■ **Work to be completed**:
Exact copies of all the lines below are needed, without the pictures.

■ **Given data**:

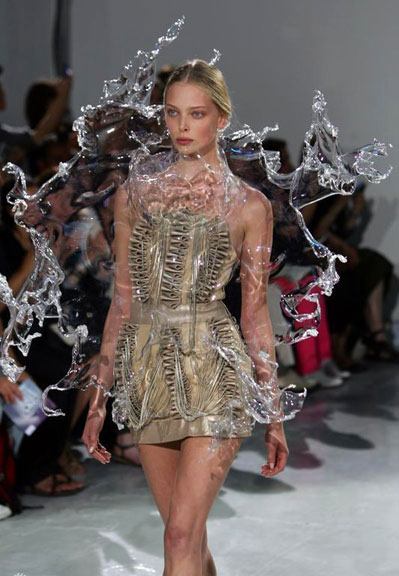 Iris Van Herpen--骷髅透视白骨精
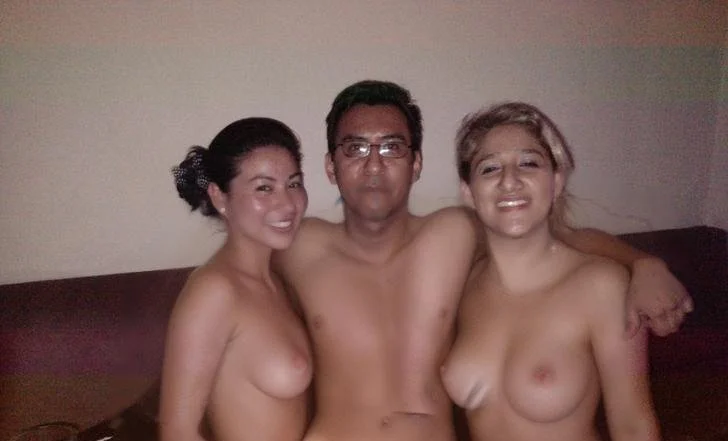 cojiendo con el novio de mi amiga susy, me encanta como coje y ver como se la coje a susy main image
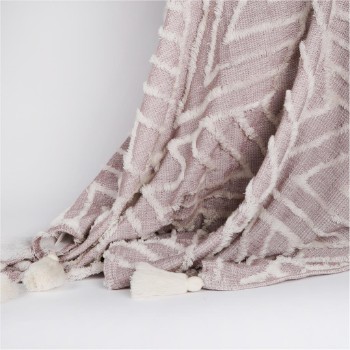 Light throw with modern pattern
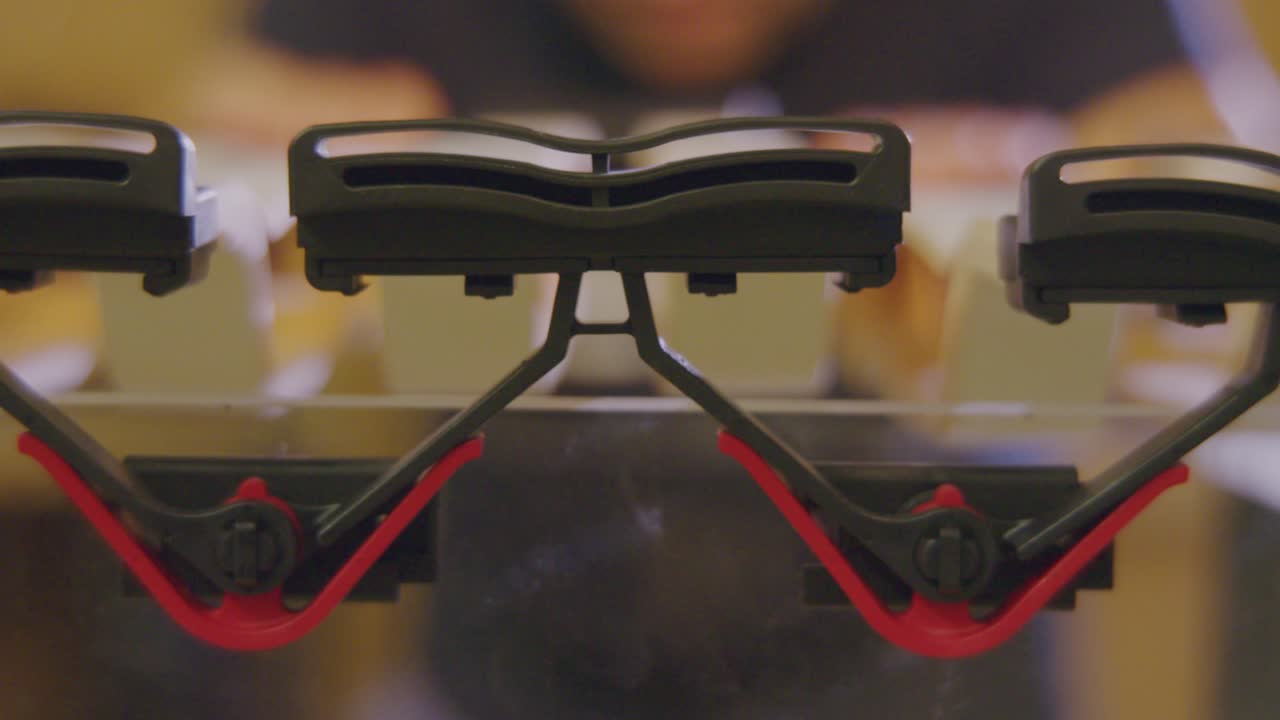 primer plano de los componentes rojos y negros de los muelles en una fábrica de camas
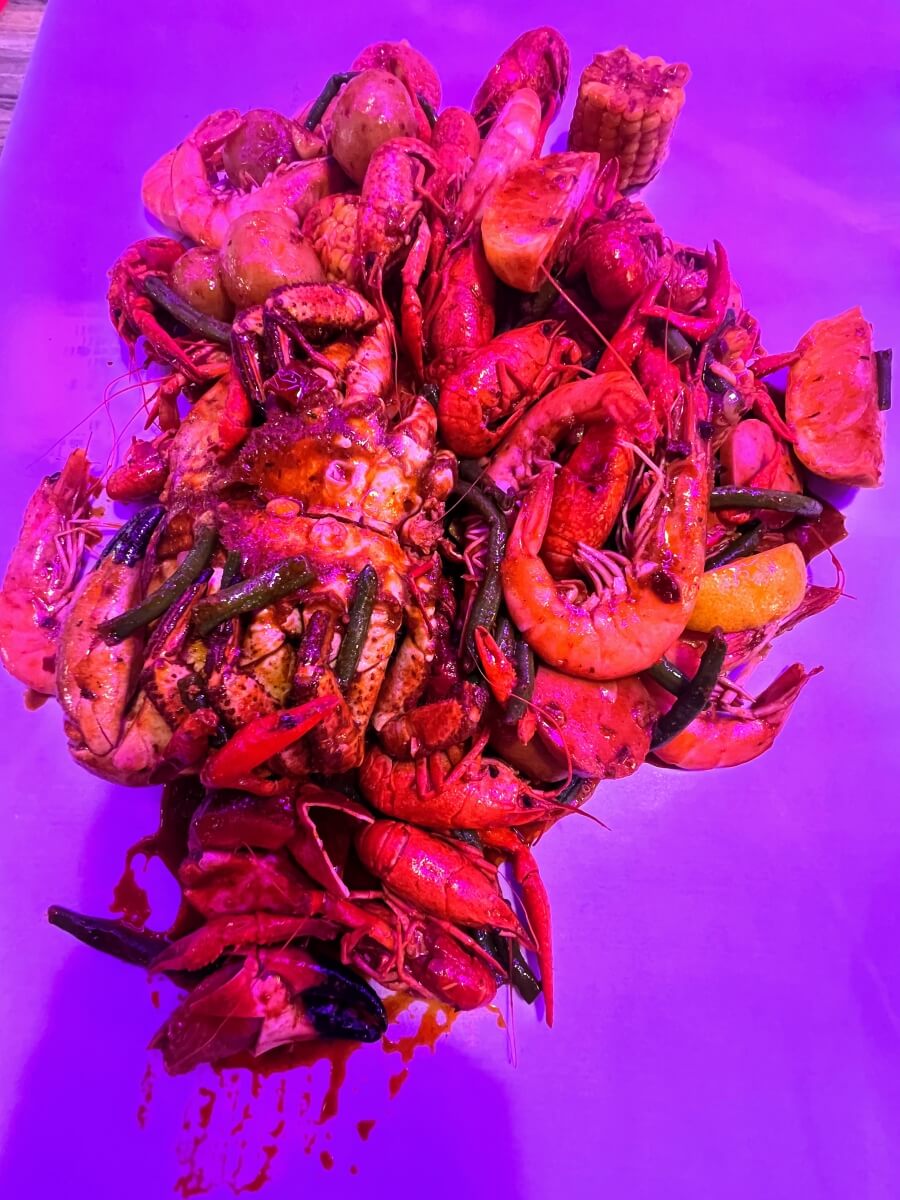 A seafood "platter" at La Folie Crabe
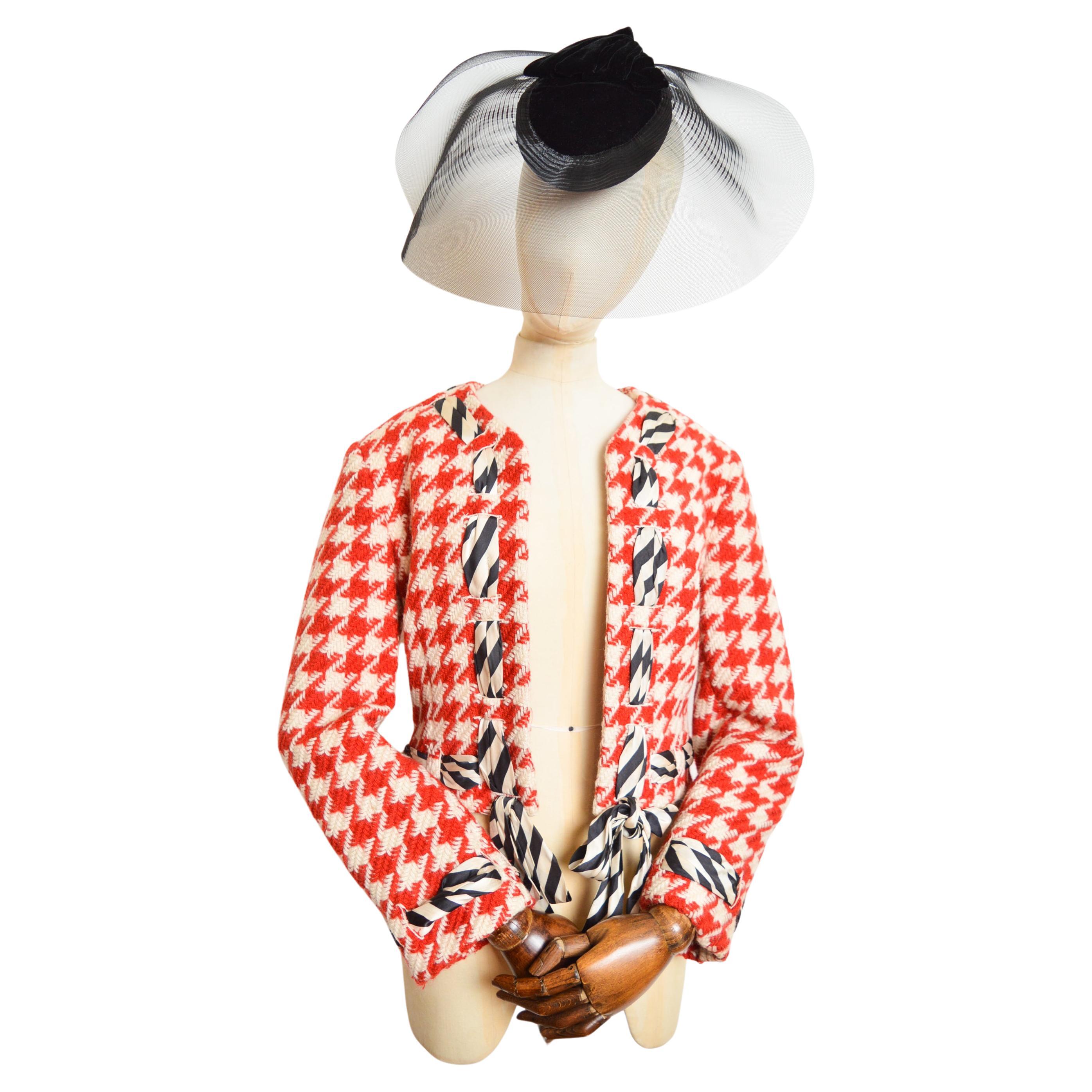 Chaqueta de punto recortada de pata de gallo roja Franco Moschino "Lady Diana", años 90 en venta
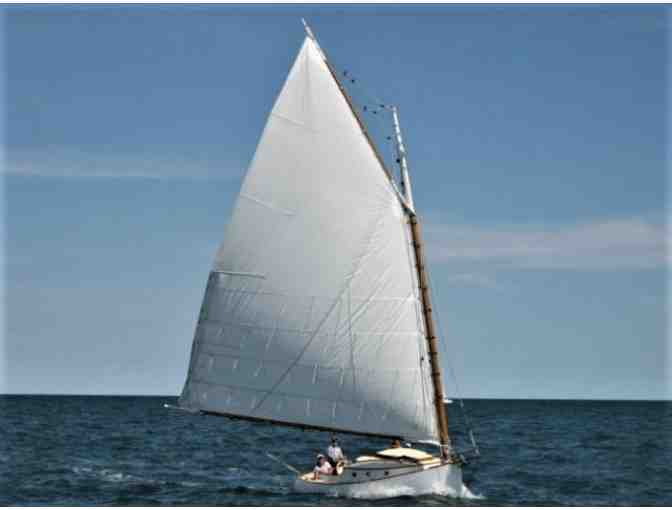 A Daysail on the Waters of Martha's Vineyard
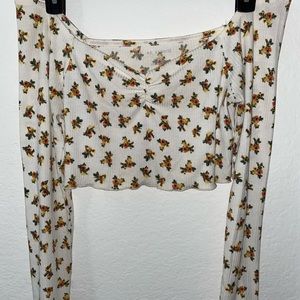 White floral long sleeve crop top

■ **Written response**:
 Iris Van Herpen--骷髅透视白骨精
 cojiendo con el novio de mi amiga susy, me encanta como coje y ver como se la coje a susy main image
 Light throw with modern pattern
 primer plano de los componentes rojos y negros de los muelles en una fábrica de camas
 A seafood "platter" at La Folie Crabe
 Chaqueta de punto recortada de pata de gallo roja Franco Moschino "Lady Diana", años 90 en venta
 A Daysail on the Waters of Martha's Vineyard
 White floral long sleeve crop top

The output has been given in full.